Exclusive Tools: Traders need
trading platforms for trading, which is offered by the broker. The trading
platforms should be providing real time news and data. Some of the brokers also
provide technical and fundamental research required for trading. Traders should
make sure that the brokers are providing cutting edge technology for trading.
Quality Institution: Forex brokers
are usually associated with large financial and lending institutions because of
the large amount of capital requirements as they need to provide high leverage
to their clients. The broker should also be registered with FCM (Futures
Commission Merchant) and CFTC (Commodity Futures Trading Commission). So
traders should confirm that the broker is registered with FCM and CFTC and is
backed by sound and reliable institutions.
Wide range of leverage options:
Price fluctuations are very small (fractions of a cent) in forex markets so
leveraging is necessary for trading. Leverage is the ratio between the capital
available for trading and the actual capital. A leverage of 100:1 means that
for $1 invested the broker would lend you $100 for trading. Lower leverage
means low risk but at the same time the profits will be low and vice versa.
Some brokers provide leverage up to 400:1 to their clients. Traders should
choose the brokers providing higher leverage. Sometimes low leverage may also
be preferable to the traders in highly volatile markets.
Withdrawal Options: Brokers have
different deposit and withdrawal options. Choosing a forex broker becomes
crucial when it comes to withdrawals. The broker should have fast withdrawal
methods without any delays. Otherwise it doesn’t make any sense when you are
not able to withdraw your profits when you really need it.
Currency Pairs Offered: The brokers
should be offering a wide range of currency pairs for trading so that the risk
can be diversified to the minimum possible level.

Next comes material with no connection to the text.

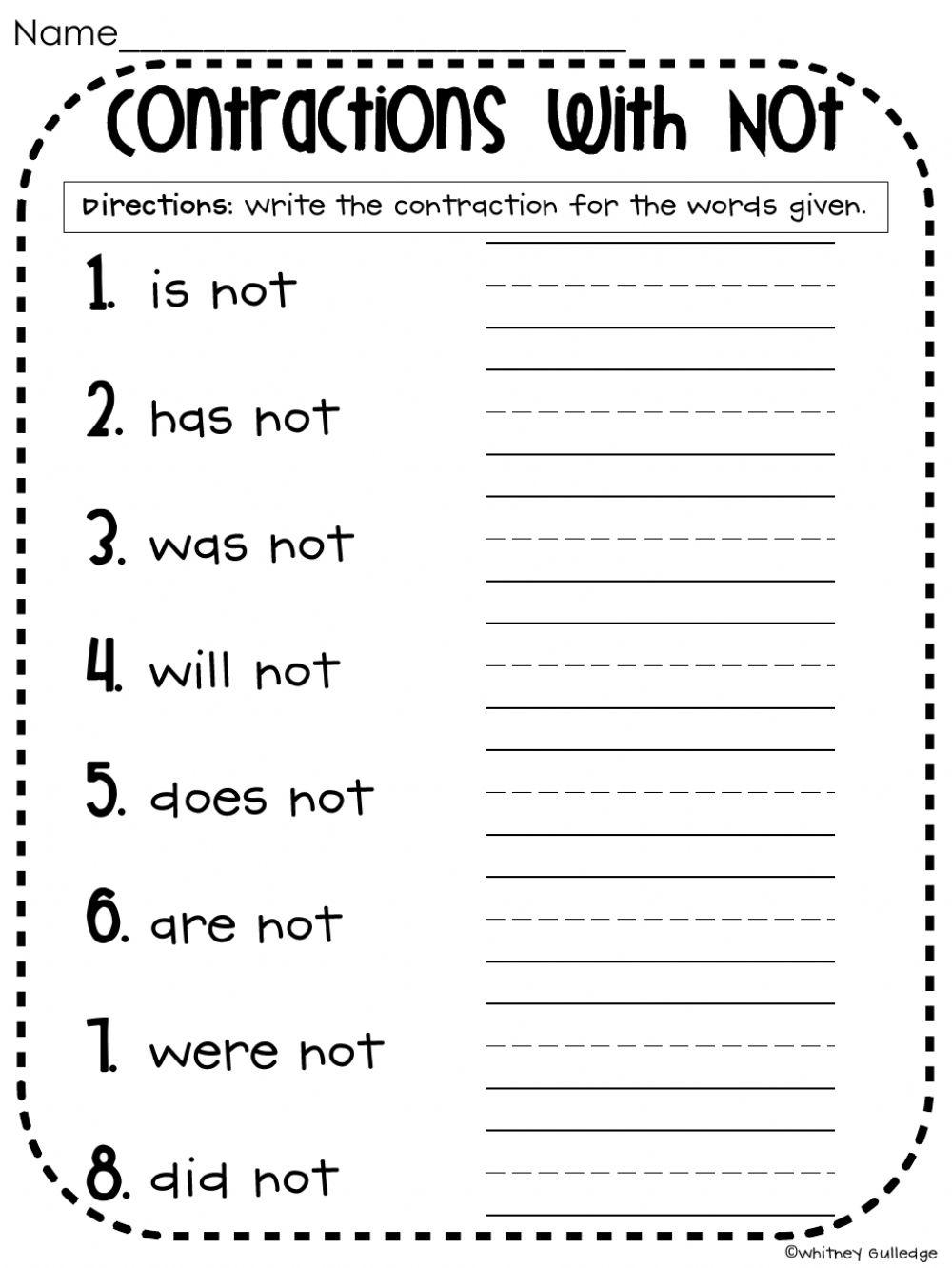 Contractions With Not Worksheet Live Worksheets Worksheets Library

Customer Service: Since forex
markets are open 24 hours, a customer service representative should be
available online anytime. Also the quick availability of the help is also
important.
Account
types: Forex brokers offer different types of trading accounts depending upon
the spread offered, leveraging options and the minimum amount of deposits
required for each account type. The traders should choose the brokers such that
combination of spreads, leverage, technologies etc. suits them the best.